О том, что случилось после, ходят разные слухи. Согласно одному из них, за все семь дней свадебного пиршества равви Барух ни разу не упоминал о брачном даре. А когда Карлинский равви уже собирался домой, сын сказал ему: «Ты едешь домой, а я остаюсь у тестя. Что мне делать, когда он спросит о брачном даре?» – «Если он когда–нибудь будет притеснять тебя, – отвечал равви Шеломо, – встань лицом к стене и воскликни: «Отец, отец, тесть притесняет меня из–за брачного дара». И тогда он перестанет его требовать».
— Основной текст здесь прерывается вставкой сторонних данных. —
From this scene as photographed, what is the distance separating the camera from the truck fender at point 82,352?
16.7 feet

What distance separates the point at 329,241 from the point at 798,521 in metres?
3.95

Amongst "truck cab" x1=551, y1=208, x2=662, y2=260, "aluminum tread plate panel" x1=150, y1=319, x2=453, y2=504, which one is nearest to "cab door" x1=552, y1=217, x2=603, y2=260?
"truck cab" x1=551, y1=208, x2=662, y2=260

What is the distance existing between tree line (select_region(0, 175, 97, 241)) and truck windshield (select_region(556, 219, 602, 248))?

Время шло, и ничего не происходило. Но однажды в пятницу вечером, когда равви Барух читал Песнь Песней, а зять стоял с ним рядом, то, дойдя до слов «мирровый пучок», равви остановился и слегка зашевелил правой рукой возле левой, словно считал бумажные деньги. Затем он опять вернулся к Песни Песней. Зять же не смог с ним оставаться, побежал в свою комнату, встал лицом к стене и произнес: «Отец, отец, тесть притесняет меня из–за брачного дара». И с того момента его оставили в покое.
Равви Шеломо спросил: «Каково самое дурное из дел Зла?» И сам себе ответил: «Заставить человека забыть, что он – сын царя».
Говорил равви Шеломо: «Если бы я мог возлюбить величайшего из цадиким так, как Господь любит последнего из грешников!»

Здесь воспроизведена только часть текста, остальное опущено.